Since the financial crisis, value stocks have earned a bit of bad reputation. That’s steered investors away from this once popular investment strategy and into the waiting arms of growth investing, despite statistics showing that value stocks outperform over longer periods of time.
Value stocks rock, and while they might not be as sexy as their growth-stock brethren, their performance more than makes up for any lack of enthusiasm from retail investors.
Over the past five years the iShares Canadian Value Index ETF (TSX:XCV) generated an annualized total return of 7.4%–203 basis points higher than the iShares Canadian Growth Index ETF (TSX:XCG). The proof is definitely in the pudding.
For those investors who care about making money rather than boasting about your stocks at weekend cocktail parties, you might want to consider these two stocks from the XCV. To qualify, a stock must have a return on equity of at least 10%, a price-to-book of no more than three, and a market cap greater than $1 billion.
Finding two that qualify isn’t as easy as it sounds.
Value stocks: iShares Canadian Value Index ETF
|Shaw Communications Inc. (TSX:SJR.B)(NYSE:SJR)||$13.1B||23.2%||2.0|
|Canadian Imperial Bank of Commerce (TSX:CM)(NYSE:CM)||$39.9B||19.7%||1.8|
I recently wrote about why I think CIBC is the bank investors should bet on. At the top of my list of reasons was the fact that you can buy its stock at a valuation that’s 25% lower than its four biggest peers while also getting the highest yield of any of the Big Five.
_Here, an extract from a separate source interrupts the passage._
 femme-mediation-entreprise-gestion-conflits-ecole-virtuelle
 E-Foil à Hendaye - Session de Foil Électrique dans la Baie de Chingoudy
In addition, its return on equity, which many investors consider an important prerequisite for buying any stock, is higher than any of the other major banks in this country.
Another reason to like CIBC is its $4.9 billion acquisition of PrivateBancorp, Inc., a Chicago middle-market commercial bank that ultimately could generate 25% of the bank’s overall earnings from high-net-worth investors in major cities in the Midwest and in other parts of the U.S. CICB is late to the banking game in the U.S., so this will definitely help it catch up.
It might be the least popular of the Big Five, but when it comes to value, CIBC’s stock is the one to buy.
My second value-stock recommendation from the XCV is Shaw Communications, the western Canadian cable and broadband company; it’s in the middle of fully integrating Wind Mobile into its business model.
Fool.ca contributor Nelson Smith recently reminded investors that Shaw’s sale of its media assets and foray into the wireless sector could be a big buzzkill for dividend investors due to the cash strain upgrading Wind Mobile’s network to 4G LTE; company estimates suggest costs could run at $250 million or more, reducing its free cash flow available to pay dividends.
While dividend investors should be concerned about how this affects their future dividend increases, value investors have their eyes firmly on the end game. Right now, Shaw’s stock is trading at two times book value, while its peers’ stocks are 30-60% more expensive on a price-to-book valuation.
Once Wind starts making a bigger contribution to the bottom line, Shaw shareholders will see free cash flow increase from the $300 million or so that it’s currently generating on an annual basis.
More importantly, the addition of Wind Mobile allows Shaw to better compete against its peers that already own wireless networks.